● Exercise brief
Return all the lines below in which the string "Dutch" appears.

● Data extract
*** Block opens ***

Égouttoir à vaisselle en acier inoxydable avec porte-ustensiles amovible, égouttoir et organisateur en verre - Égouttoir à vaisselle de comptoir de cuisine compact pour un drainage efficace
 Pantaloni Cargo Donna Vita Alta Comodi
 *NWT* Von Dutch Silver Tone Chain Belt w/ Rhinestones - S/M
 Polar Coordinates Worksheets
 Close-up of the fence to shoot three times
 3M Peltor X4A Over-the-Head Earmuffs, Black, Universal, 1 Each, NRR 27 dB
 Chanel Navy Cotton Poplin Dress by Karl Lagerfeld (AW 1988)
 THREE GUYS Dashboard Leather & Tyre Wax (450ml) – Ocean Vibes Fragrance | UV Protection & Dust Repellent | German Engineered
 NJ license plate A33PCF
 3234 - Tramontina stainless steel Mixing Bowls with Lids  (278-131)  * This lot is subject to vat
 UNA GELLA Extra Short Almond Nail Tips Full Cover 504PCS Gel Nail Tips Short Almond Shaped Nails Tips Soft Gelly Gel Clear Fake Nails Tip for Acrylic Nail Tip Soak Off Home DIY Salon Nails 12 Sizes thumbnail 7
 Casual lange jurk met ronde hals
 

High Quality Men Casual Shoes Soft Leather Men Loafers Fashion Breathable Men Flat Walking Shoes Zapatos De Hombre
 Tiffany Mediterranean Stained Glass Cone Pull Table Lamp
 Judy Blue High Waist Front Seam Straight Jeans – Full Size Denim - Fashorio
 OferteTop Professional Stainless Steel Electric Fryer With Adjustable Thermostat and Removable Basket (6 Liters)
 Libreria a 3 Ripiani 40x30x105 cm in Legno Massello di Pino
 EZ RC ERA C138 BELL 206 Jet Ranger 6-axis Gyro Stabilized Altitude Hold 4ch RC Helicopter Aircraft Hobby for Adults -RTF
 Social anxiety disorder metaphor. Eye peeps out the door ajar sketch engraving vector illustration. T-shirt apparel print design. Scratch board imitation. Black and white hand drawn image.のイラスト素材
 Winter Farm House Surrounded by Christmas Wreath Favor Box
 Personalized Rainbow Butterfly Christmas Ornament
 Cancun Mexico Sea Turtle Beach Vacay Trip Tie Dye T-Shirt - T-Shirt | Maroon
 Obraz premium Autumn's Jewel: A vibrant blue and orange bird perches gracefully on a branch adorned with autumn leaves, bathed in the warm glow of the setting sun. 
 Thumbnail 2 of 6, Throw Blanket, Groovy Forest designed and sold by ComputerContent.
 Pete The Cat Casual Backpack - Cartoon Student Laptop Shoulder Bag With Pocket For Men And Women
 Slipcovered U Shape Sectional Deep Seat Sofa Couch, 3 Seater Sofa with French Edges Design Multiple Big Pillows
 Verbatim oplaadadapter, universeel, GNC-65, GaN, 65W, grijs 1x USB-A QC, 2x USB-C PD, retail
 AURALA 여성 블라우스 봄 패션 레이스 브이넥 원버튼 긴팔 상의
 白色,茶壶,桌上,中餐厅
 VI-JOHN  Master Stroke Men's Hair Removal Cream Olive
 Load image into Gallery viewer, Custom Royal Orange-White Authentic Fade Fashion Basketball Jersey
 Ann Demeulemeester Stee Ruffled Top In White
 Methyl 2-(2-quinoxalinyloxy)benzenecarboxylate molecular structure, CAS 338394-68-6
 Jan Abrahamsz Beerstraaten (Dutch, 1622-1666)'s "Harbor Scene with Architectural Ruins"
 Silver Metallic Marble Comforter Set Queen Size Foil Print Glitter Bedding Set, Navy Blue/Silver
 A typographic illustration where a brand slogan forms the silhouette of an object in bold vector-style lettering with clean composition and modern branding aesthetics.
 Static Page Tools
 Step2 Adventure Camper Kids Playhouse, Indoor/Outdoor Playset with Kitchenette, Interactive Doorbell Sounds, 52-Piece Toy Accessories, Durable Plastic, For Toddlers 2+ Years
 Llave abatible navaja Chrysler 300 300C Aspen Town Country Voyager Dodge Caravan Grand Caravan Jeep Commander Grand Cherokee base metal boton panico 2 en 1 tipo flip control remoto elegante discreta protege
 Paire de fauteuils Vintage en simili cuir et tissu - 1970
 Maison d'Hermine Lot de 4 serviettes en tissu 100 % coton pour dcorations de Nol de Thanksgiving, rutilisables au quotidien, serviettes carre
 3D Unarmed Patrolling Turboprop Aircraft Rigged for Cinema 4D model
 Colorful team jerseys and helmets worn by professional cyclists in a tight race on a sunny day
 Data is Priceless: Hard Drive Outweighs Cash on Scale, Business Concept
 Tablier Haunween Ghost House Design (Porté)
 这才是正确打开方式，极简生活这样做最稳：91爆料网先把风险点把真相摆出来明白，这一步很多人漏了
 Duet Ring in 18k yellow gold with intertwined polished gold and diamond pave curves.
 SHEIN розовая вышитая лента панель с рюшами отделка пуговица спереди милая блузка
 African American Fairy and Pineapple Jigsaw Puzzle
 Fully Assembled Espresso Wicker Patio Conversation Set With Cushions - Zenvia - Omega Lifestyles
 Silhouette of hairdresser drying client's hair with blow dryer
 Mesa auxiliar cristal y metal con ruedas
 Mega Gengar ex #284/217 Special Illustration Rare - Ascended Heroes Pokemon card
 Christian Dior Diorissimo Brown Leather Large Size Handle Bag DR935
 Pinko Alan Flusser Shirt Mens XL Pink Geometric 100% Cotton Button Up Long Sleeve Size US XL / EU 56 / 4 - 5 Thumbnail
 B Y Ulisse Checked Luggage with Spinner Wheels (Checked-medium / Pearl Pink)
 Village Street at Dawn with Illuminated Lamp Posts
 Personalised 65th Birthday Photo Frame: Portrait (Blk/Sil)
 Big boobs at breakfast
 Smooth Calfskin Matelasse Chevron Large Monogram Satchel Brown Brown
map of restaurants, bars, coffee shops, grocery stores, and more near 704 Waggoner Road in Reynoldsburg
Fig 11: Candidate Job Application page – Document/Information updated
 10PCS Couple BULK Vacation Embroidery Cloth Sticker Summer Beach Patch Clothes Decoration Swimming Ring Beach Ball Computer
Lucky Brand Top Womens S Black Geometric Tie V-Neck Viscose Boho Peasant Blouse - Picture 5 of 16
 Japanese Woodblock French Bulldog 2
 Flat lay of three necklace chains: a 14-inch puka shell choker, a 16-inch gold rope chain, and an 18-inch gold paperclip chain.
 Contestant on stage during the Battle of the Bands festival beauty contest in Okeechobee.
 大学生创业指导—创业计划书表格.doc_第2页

*** Block closes ***

● Solved exercise
 *NWT* Von Dutch Silver Tone Chain Belt w/ Rhinestones - S/M
 Jan Abrahamsz Beerstraaten (Dutch, 1622-1666)'s "Harbor Scene with Architectural Ruins"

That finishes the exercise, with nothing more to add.